Penampilan tarian Hyang Dadas dijadwalkan berdurasi kurang lebih 15 menit, sebelum upacara penurunan bendera dan akan disaksikan langsung Presiden Republik Indonesia, Joko Widodo.
Dwitya Amanda Putri, pimpinan produksi tari Hyang Dadas menuturkan, tim kesenian Kalteng ini akan menampilkan tarian Hyang Dadas dengan jumlah penampil keseluruhan itu dengan pemusik ada 221 orang.
"Dari Kota Palangka Raya, Kabupaten Kotawaringin Timur, Barito Selatan, Barito Timur, Kapuas, dan Barito Utara. Para penampil berasal dari sanggar-sanggar dan anak-anak sekolah yang kita seleksi, dan pada hari ini kita lakukan gladi," jelasnya, Kamis (15/8/2019).

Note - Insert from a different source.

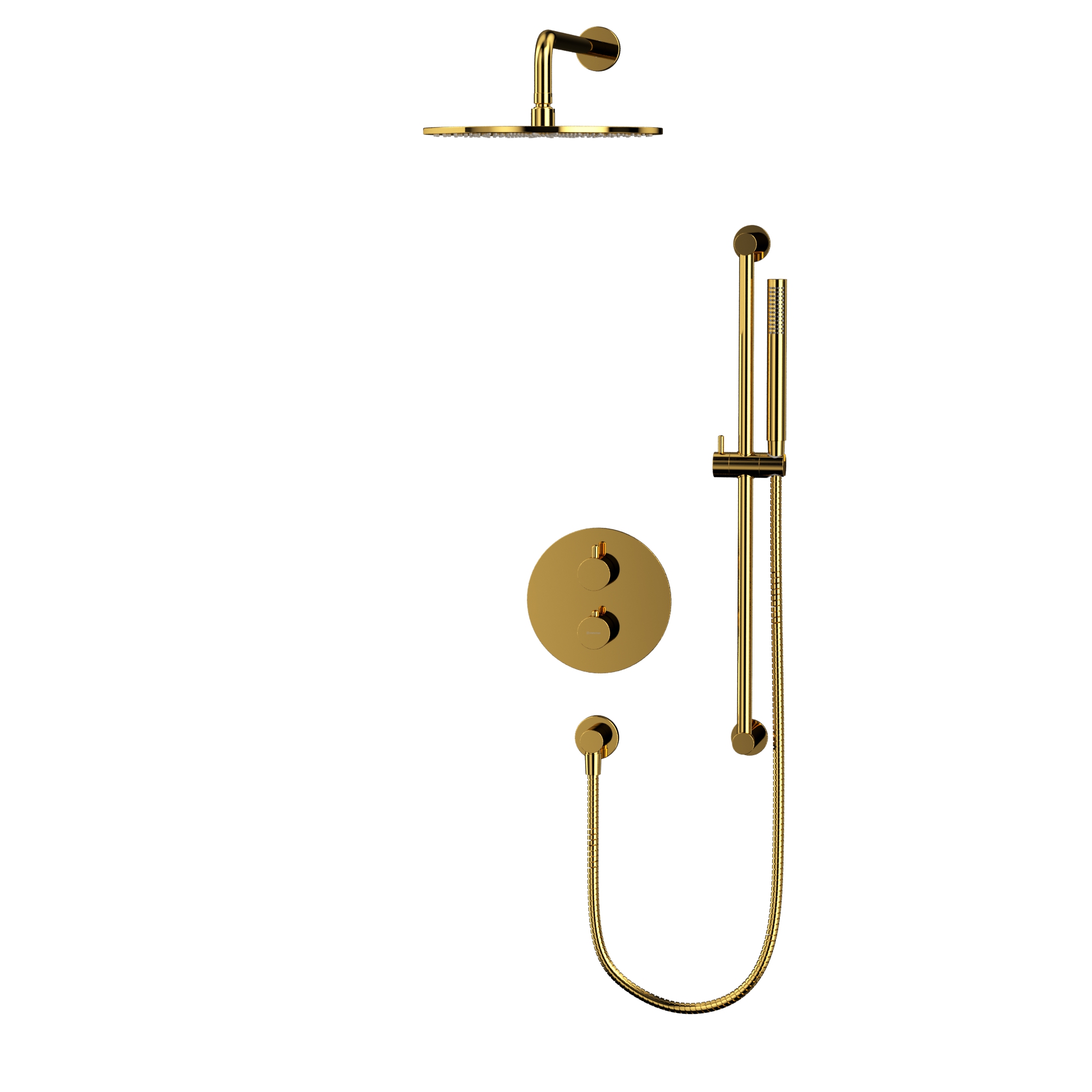 Душевой комплект скрытого монтажа 30x30см., Whitecross серия Y YSET09GL (золотой PVD), с термостатом, без излива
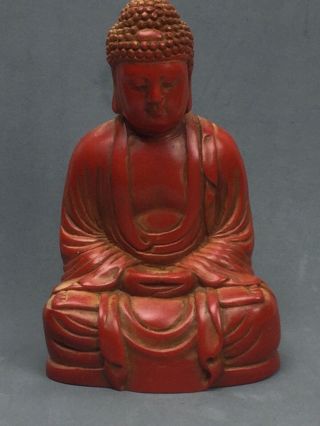 Antique Carved Cherry Amber Bakelite Meditating Buddha Statue Old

Dijelaskannya, pesan dari tari Hyang Dadas yang ingin disampaikan adalah The Voice of Unity (suara kesatuan, red) dan ditampilkan dengan bunyi-bunyian dari gelang yang dipakai oleh para penampil.
"Seperti hastaq yang kita buat yaitu The Voice of Unity, jadi gelang-gelang itu memang bunyi pemersatu untuk kita semua," bebernya.
Sebelumnya, Kepala Dinas Kebudayaan dan Pariwisata Kalteng, Guntur Talajan mengatakan dengan tampilnya tim kesenian tari Hyang Dadas pada saat HUT ke-74 Kemerdekaan Republik Indonesia di Istana Negara adalah merupakan kesempatan besar yang tidak boleh disia-siakan oleh para pengiat dan pelaku seni budaya Kalteng.
"Ini kesempatan terbaik bagi kita untuk membuktikan bahwa seni dan budaya serta kearifan lokal di Bumi Tambun Bungai memiliki nilai seni budaya yang sangat tinggi," imbuhnya.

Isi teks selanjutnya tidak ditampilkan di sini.